MD5
Overview
MD5 or Message Digest Algorithm 5 is a widely used cryptographic hash function that produces a 128-bit (16-byte) hash value. It is commonly used to verify data integrity. MD5 has been utilized in a wide variety of security applications and is also commonly used to check the integrity of files. However, MD5 is not collision-resistant; as of 2007, a group of researchers was able to create different input values that hash to the same MD5 hash.
History
MD5 was designed by Ronald Rivest in 1991 to replace an earlier hash function, MD4. The motivation behind the creation of MD5 was to improve upon the security weaknesses of MD4. The algorithm has since been found to have several vulnerabilities and is considered to be broken for uses in security.
Algorithm Details
The MD5 hash function processes data in 512-bit blocks, divided into 16 words of 32-bits each. The output is a digest of 128 bits. The algorithm makes use of a bitwise operation, logical functions, and a modular addition. The process involves the following steps:
1. Padding: The input message is padded so that its length is congruent to 448, modulo 512. Padding is always performed, even if the length of the message is already congruent to 448, modulo 512. The padding consists of a single 1-bit followed by zero bits.
2. Appending the length: A 64-bit representation of the length of the input message (before the padding) is appended to the result of the previous step. The resulting message has a length that is an exact multiple of 512 bits.

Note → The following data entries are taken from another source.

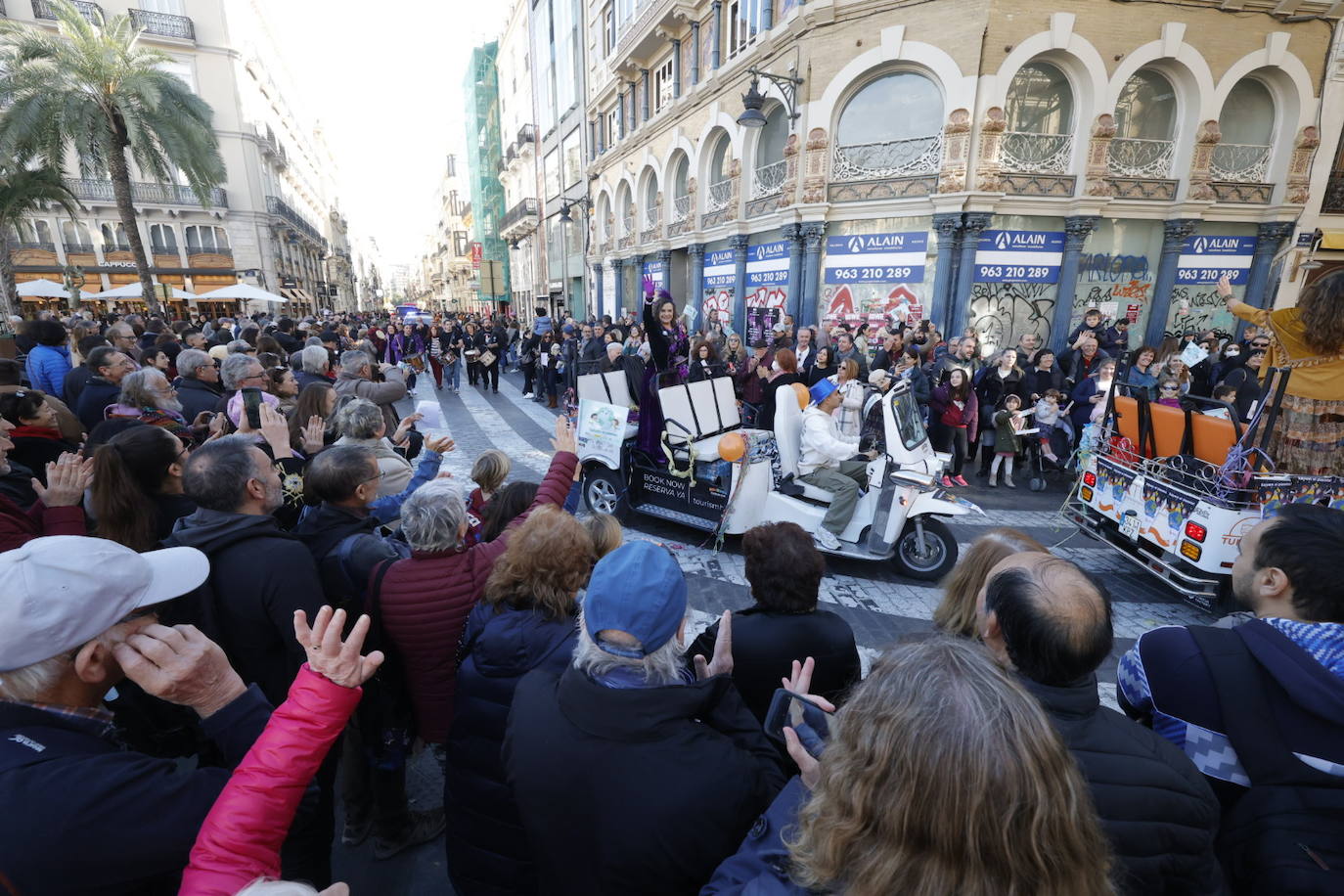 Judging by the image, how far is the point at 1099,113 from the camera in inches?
494

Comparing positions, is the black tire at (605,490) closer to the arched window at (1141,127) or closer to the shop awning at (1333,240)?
the arched window at (1141,127)

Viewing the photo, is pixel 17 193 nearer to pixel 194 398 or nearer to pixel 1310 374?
pixel 194 398

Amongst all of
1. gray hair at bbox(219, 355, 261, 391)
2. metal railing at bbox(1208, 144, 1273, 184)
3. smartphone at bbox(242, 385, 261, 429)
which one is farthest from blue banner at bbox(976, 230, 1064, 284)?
smartphone at bbox(242, 385, 261, 429)

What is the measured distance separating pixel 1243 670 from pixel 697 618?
3.37 m

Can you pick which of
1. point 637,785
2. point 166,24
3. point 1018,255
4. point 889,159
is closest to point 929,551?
point 637,785

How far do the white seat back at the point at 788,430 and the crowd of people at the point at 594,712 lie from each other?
10.0ft

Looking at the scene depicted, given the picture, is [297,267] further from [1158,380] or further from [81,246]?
[1158,380]

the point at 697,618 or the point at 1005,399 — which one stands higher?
the point at 1005,399

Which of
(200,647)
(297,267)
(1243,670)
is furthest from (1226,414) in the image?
(297,267)

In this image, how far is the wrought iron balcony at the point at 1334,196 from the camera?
13852 millimetres

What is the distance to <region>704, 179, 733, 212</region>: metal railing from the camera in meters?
17.9

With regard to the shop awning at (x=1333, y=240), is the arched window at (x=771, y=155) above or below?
above

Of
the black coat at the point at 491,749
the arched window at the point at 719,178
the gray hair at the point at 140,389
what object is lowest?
the black coat at the point at 491,749

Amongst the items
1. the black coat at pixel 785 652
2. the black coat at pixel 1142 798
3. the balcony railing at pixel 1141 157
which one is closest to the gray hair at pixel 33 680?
the black coat at pixel 785 652
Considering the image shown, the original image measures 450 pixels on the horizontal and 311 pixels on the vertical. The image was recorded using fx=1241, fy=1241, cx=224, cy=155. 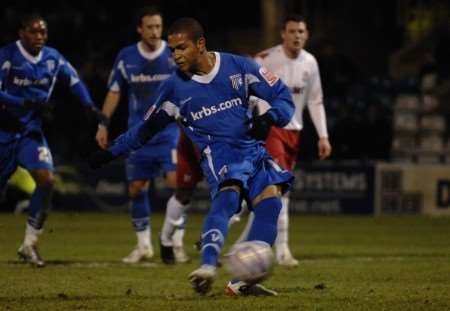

3. Initialization of the MD Buffer: A four-word buffer (A,B,C,D) is used to compute the message digest. These words are initialized to certain fixed constants.
4. Processing the message in 16-word blocks: MD5 uses four auxiliary functions that take as input three 32-bit words and produce as output one 32-bit word. The functions operate in rounds, and each round has a different function.
5. Output: The final result of the hash function is the 128-bit message digest.
Security
MD5 is considered to be broken in terms of security. The weaknesses of MD5 have been exploited in the field, most infamously by the Flame malware which used an MD5 collision to fake a Microsoft digital certificate. In 2004, a method to find collisions was announced by a group of researchers. This method was used to construct two different X.509 certificates that hash to the same MD5 hash value.
Applications
Despite its vulnerabilities, MD5 remains widely used. It is commonly utilized in checksums for data integrity verification, in particular for software downloads. Other applications include password storage, data deduplication, and in time-stamping schemes. However, due to its security issues, it is recommended to use other hash functions like SHA-256 or SHA-3 in security-sensitive applications.